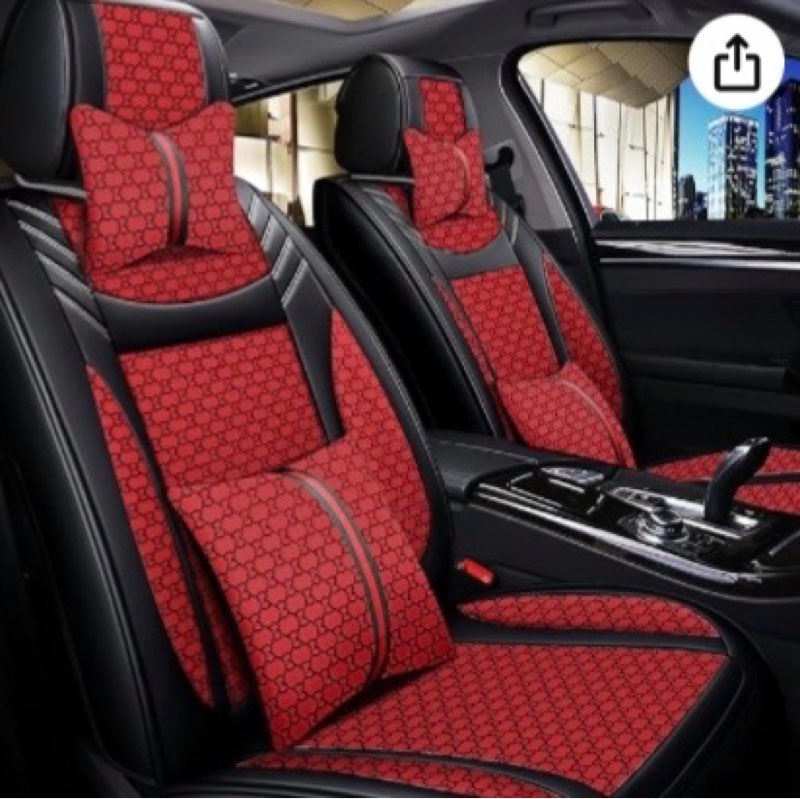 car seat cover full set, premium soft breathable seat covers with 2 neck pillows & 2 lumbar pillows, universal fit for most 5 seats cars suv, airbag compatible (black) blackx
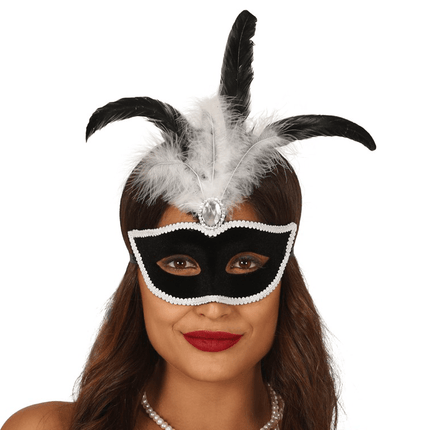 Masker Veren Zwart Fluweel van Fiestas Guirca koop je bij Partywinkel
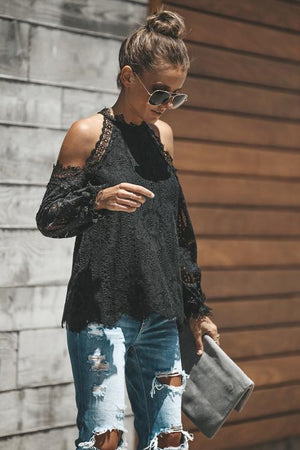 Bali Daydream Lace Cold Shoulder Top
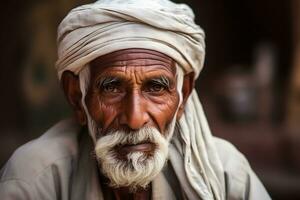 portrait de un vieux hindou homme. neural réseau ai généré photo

==

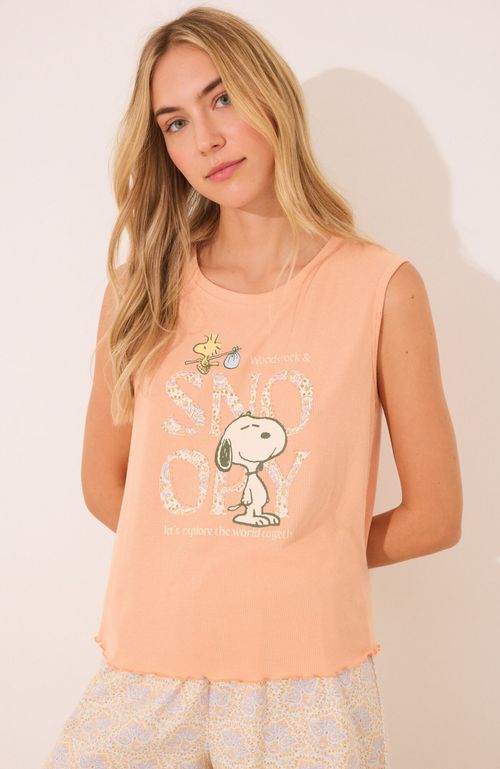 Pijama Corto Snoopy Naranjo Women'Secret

■ Exercise instructions ■
Every line above between the one containing "Masker Veren Zwart" and the one containing "portrait de un", those two included, is to be printed exactly. No pictures go into the copy.

■ Result below ■
 Masker Veren Zwart Fluweel van Fiestas Guirca koop je bij Partywinkel
 Bali Daydream Lace Cold Shoulder Top
 portrait de un vieux hindou homme. neural réseau ai généré photo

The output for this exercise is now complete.